Altro che domenica: la sconfitta in Umbria è nata vent’anni fa

30 Ottobre 2019

Se state nel centro di una piazza, è difficile vedere la città. Meglio su una torre molto alta. Meglio ancora in elicottero (per noi umani: Google maps). Per le elezioni in Umbria è la stessa cosa: si cercano col microscopio le crepe nelle tattiche recenti, i dettagli contingenti, mentre alzandosi un po’ sull’orizzonte si vedrebbe una storia lunga, che ha portato fin qui dove siamo finiti: leghisti e scontenti (e non vale solo per l’Umbria, anzi). Se ogni tanto si capisse (ma così, per passatempo) che la politica è soprattutto comprensione delle dinamiche sociali, delle curve che prendono le vite della gente, si spiegherebbe meglio la regione rossa, laboriosa e civilissima, che si butta nelle braccia del mangiatore di salsicce sovranista. “Dopo 50 anni!”, esultano da destra, manco avessero preso la Bastiglia.

L’aumento dell’affluenza ingrossa il vantaggio di Salvini e fa intuire che un po’ dei famosi astenuti che “bisogna riportare alla politica” ce li ha riportati lui. L’alleanza che lo contrastava era messa su in fretta e furia, il candidato un perdente perfetto (per contrastare la destra montante, un imprenditore moderatissimo, la solita solfa), senza contare i 5s in caduta libera e il governo della Regione che ne ha fatte più di Carlo in Francia, trattando (un classico) la Sanità come agenzia di collocamento per gli amici, e molti altri pasticci. Ce n’è abbastanza per disamorarsi, anche se per uno che abbia qualche anche vaga formazione “di sinistra” per votare Salvini ci vuole qualcosa di più.

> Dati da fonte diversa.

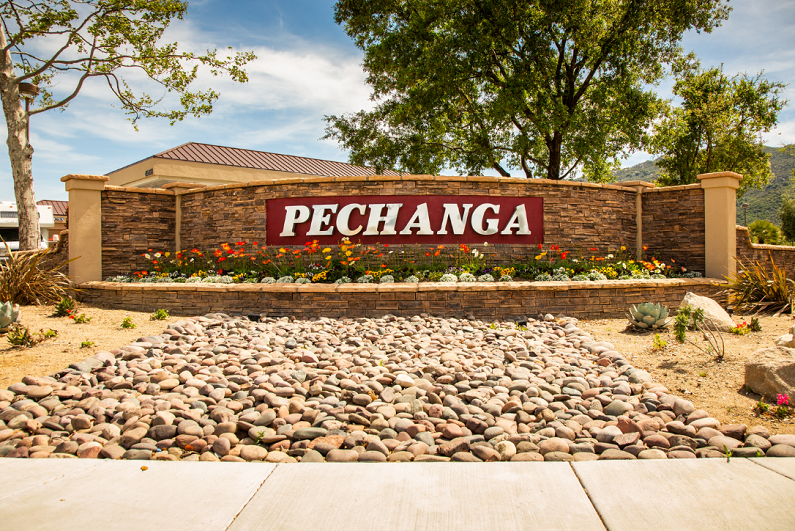 The street side sign for Pechanga Resort and Casino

E quel qualcosa di più è il cambiamento senza cambiamento. Dopo anni e anni di retorica su “gli operai non ci sono più” – brutti volgari, pussa via, noi vogliamo le start-up – i metalmeccanici di Terni sono ancora lì a farsi il culo. E quando andarono a Roma a protestare (ottobre 2014, con un governo Renzi scintillante post-europee e Alfano agli Interni) vennero manganellati duramente, come per dire chiaro e tondo che il modello di sviluppo era un altro. Il grande cioccolato è multinazionale, il tessuto di piccole e piccolissime aziende manifatturiere è fittissimo. La terra, l’agricoltura, quelle benedette eccellenze di olii e vini, scivola sempre più verso la Disneyland del turismo, dal mezzadro al Bed and Breakfast è un attimo.

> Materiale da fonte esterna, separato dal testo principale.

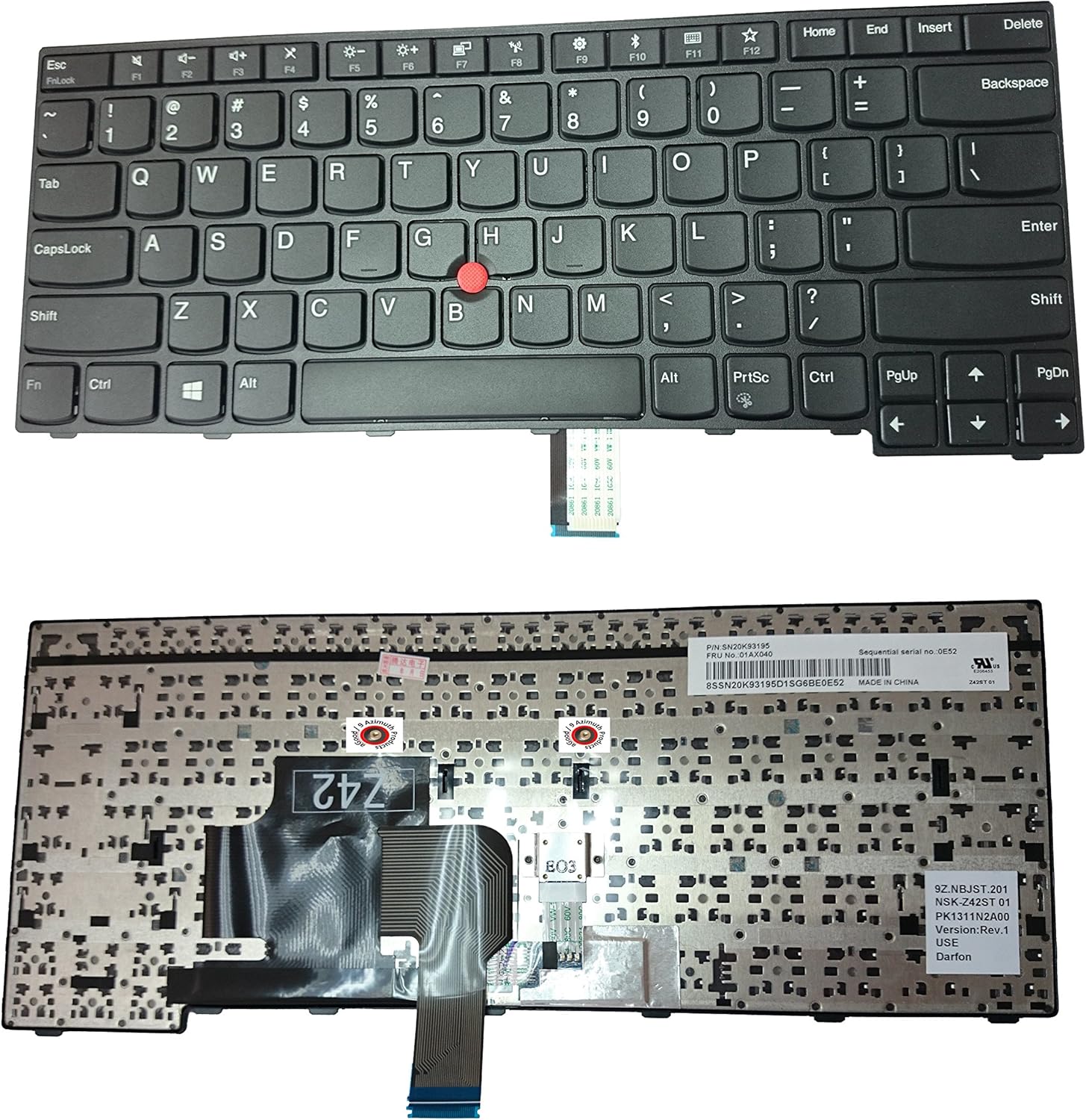 Amazon Com Us Layout Laptop Keyboard For Lenovo Ibm Thinkpad Edge E470 E475 Compatible 01ax040 Snk 9z Nbjst 1 Nsk Z42st Pk131n2a00 Computers Accessories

L’imperativo categorico, a destra, a sinistra, ovunque in cielo e in terra, è sviluppo-sviluppo-sviluppo, e naturalmente questo cambia sentimenti, umori e composizioni sociali. Fino a un appiattimento di orizzonti e di desideri: è tutto un indistinto ceto medio spaventato di riscivolare indietro, scontento, incazzato, deluso.

Come si vede, a mettere insieme non gli ultimi sei mesi, ma gli ultimi dieci, vent’anni, quella cartina impressionante dell’Umbria che era tutta rossa e ora è tutta verde un po’ si spiega. Probabile che la faccenda sia ancora più strutturale (l’Emilia-Romagna sì, che sarà un test!), cioè che il sistema progressista, il modello di sviluppo delle regioni “rosse” abbia fatto quel che doveva fare, e che ora non serva più, ciao, tanti saluti. Bella e nobile, la tradizione contadina, ma il proprietario di B&B, temo, tenderà a preferire la flat tax alla pace nel mondo, e nelle città d’arte “il decoro”, nome nobile della guerra ai poveri, verrà prima di tutto il resto.

C’è insomma un “egoismo di necessità”, che certo non verrà scalfito dai famosi “valori” della sinistra, che, tra l’altro, trascolorano e impallidiscono giorno dopo giorno. Troppi pochi elettori, in Umbria, per fare veramente da test, troppe variabili contingenti dettate dall’emergenza. Ma il disegno su larga scala è abbastanza preciso: molti elettori passano dalla fase “non ti voto più” alla fase “ti voto contro”. Non è nemmeno politica, certe volte, ma un umore, un’onda, un sentimento, che viene da quello che si è seminato per anni, non negli ultimi mesi.